(Beginning of Supplied entries)
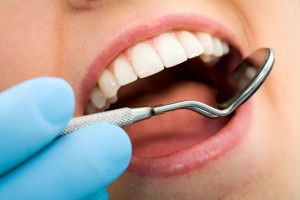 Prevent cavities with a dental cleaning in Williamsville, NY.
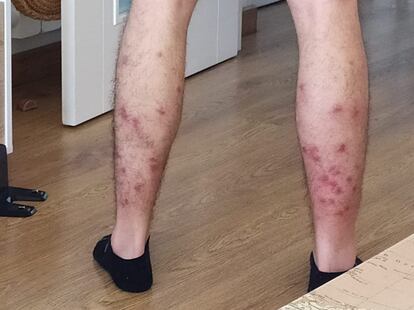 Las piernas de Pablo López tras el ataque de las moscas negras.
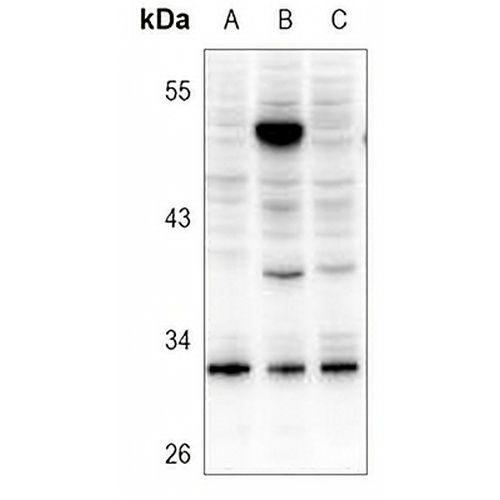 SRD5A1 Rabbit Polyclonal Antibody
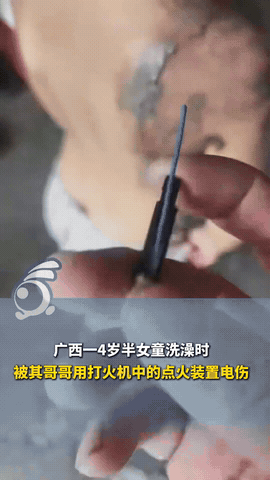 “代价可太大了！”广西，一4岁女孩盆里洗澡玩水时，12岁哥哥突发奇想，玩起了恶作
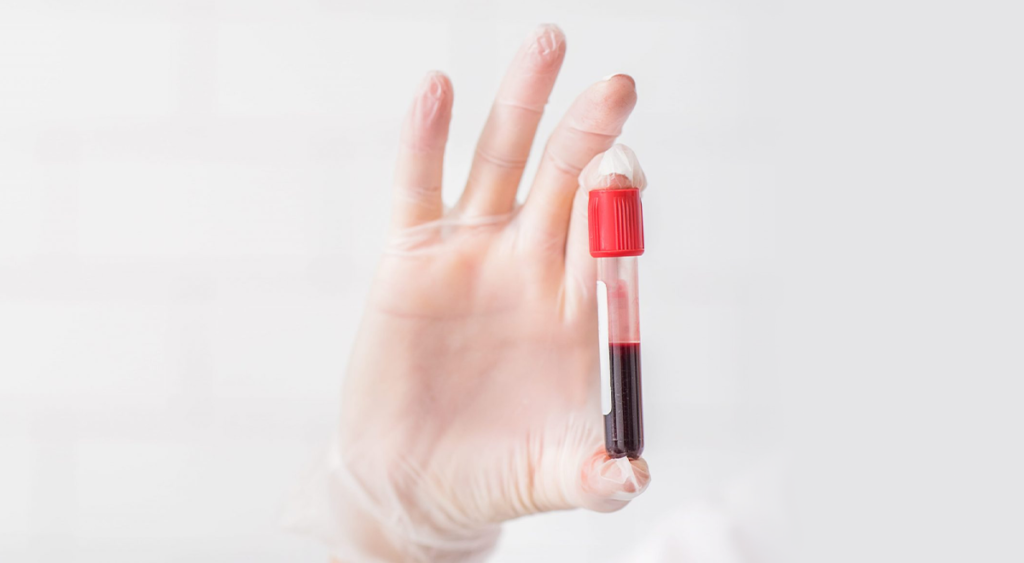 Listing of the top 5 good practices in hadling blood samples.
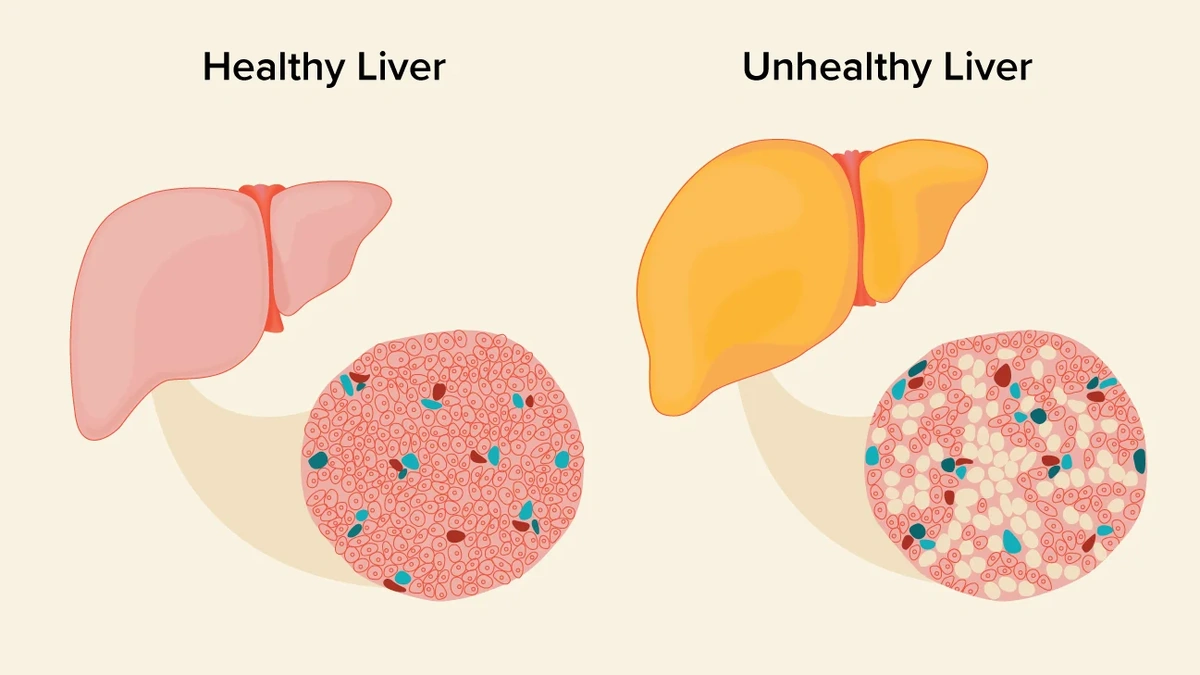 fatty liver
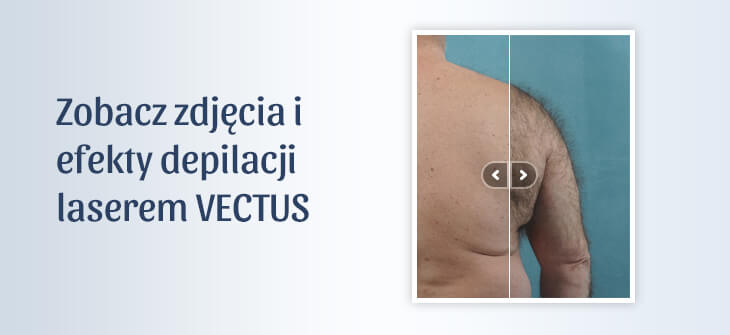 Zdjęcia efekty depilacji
(End of Supplied entries)
(Beginning of Supplied entries)
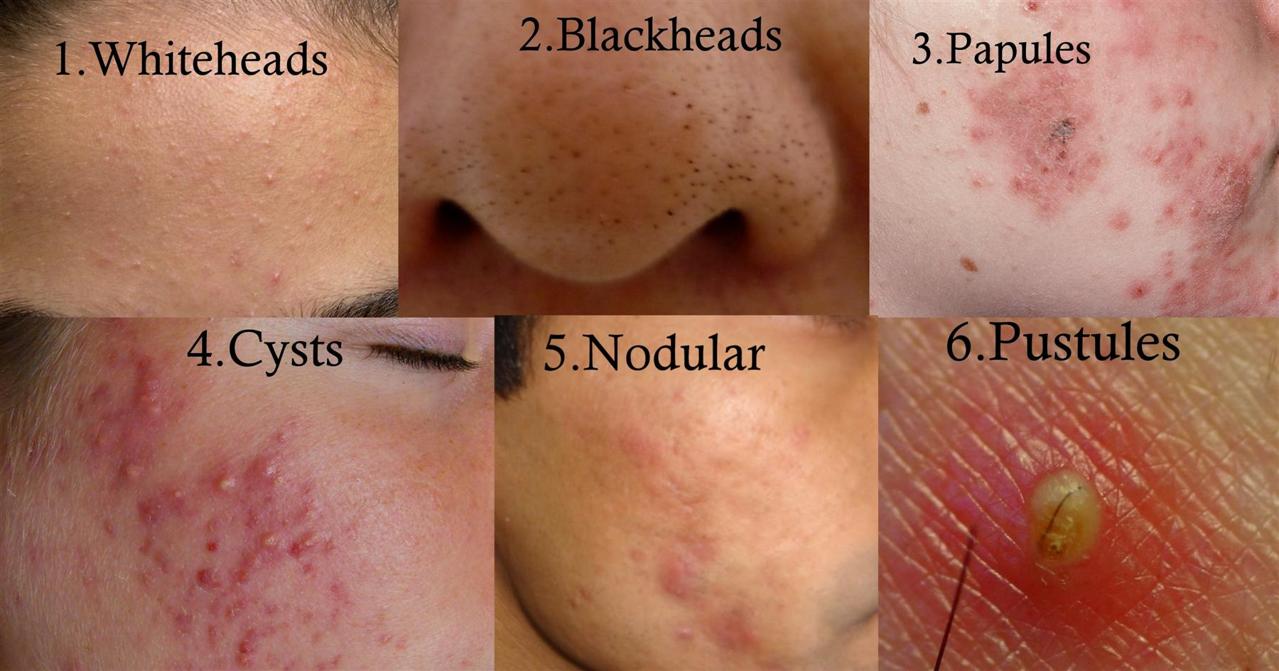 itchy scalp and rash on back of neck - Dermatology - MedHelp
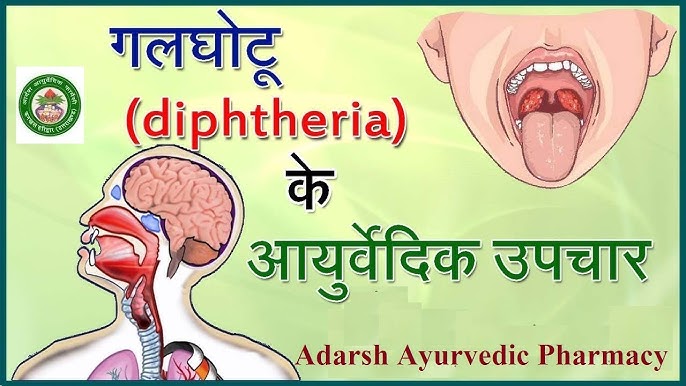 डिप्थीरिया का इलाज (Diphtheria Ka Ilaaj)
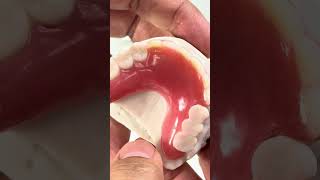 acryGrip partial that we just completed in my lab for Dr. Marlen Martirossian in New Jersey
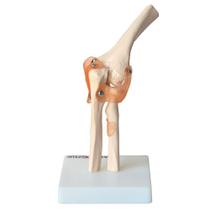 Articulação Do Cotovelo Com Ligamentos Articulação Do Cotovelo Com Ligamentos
(End of Supplied entries)
[What you are asked to do] Copy word for word the lines above, starting at the line containing "Las piernas de" and ending at the line containing "Zdjęcia efekty depilacji", inclusive, with no pictures.

[Written reply]
 Las piernas de Pablo López tras el ataque de las moscas negras.
 SRD5A1 Rabbit Polyclonal Antibody
 “代价可太大了！”广西，一4岁女孩盆里洗澡玩水时，12岁哥哥突发奇想，玩起了恶作
 Listing of the top 5 good practices in hadling blood samples.
 fatty liver
 Zdjęcia efekty depilacji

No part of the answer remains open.